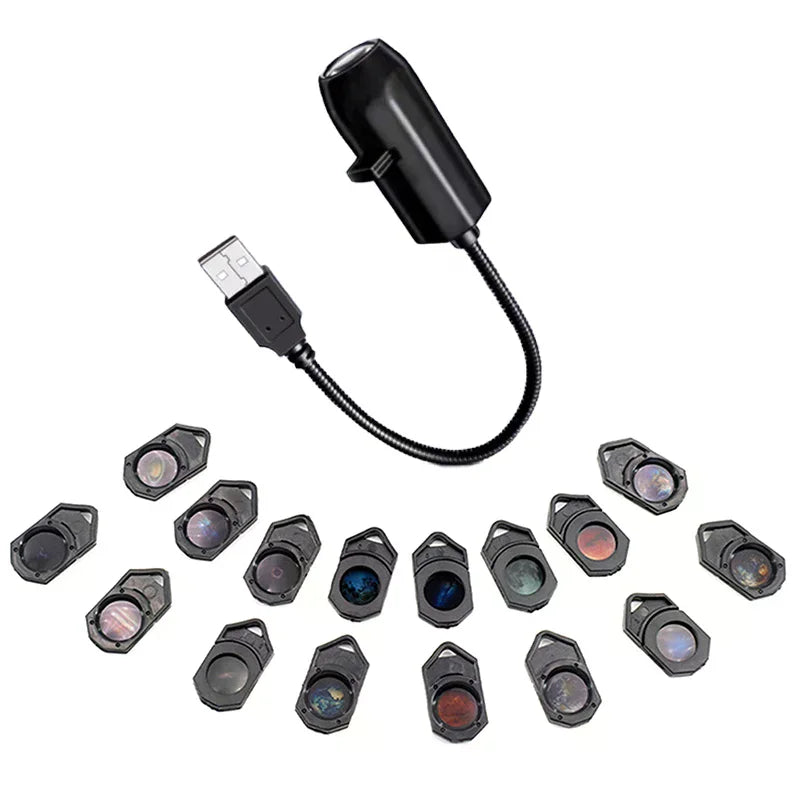 Proyector de estrellas y galaxias USB — luz nocturna giratoria 360° para dormitorio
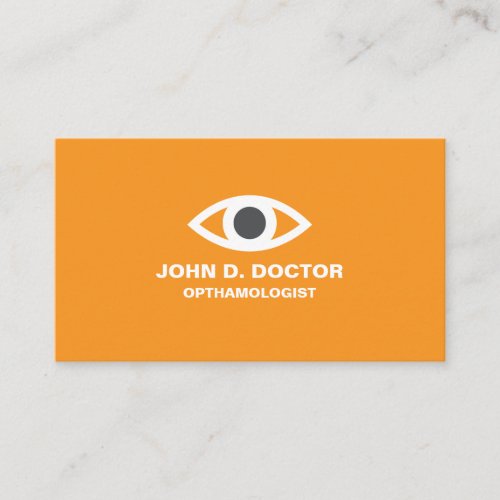 Opthamologist or optometrist orange business card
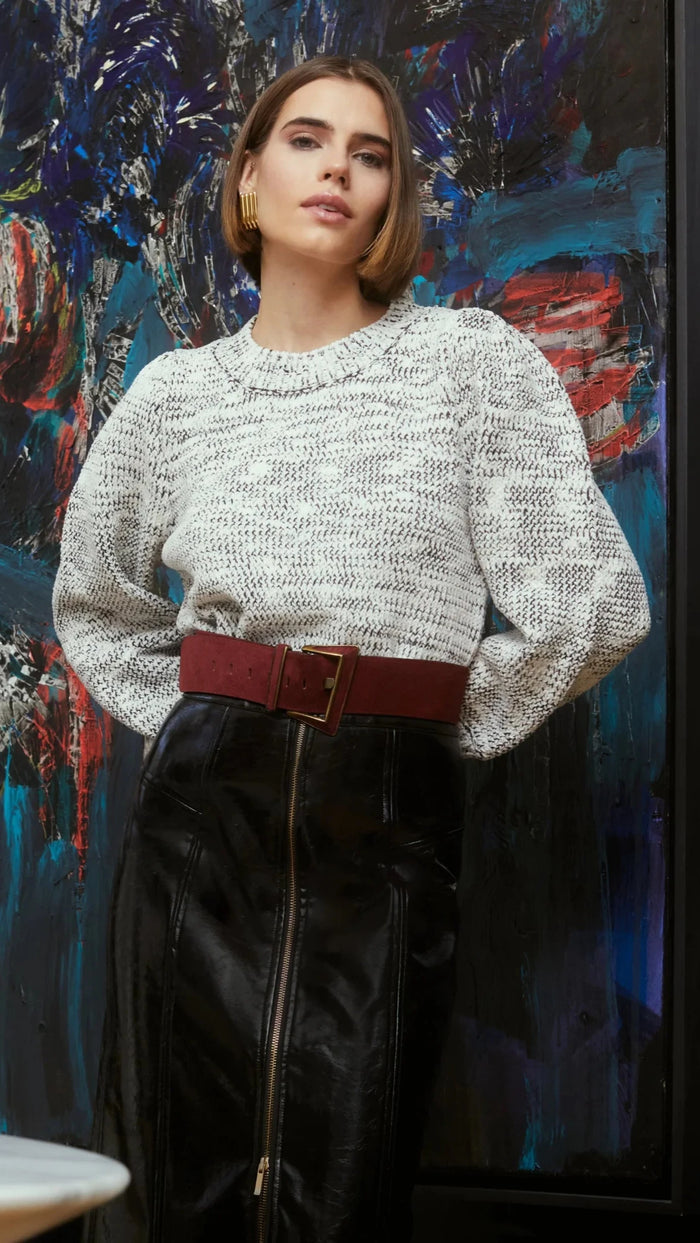 Allison New York Charlotte Sweater in Ivory/Black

PROBLEM –
What the answer must hold: all the data above, given again exactly, without pictures.

RESPONSE –
 Proyector de estrellas y galaxias USB — luz nocturna giratoria 360° para dormitorio
 Opthamologist or optometrist orange business card
 Allison New York Charlotte Sweater in Ivory/Black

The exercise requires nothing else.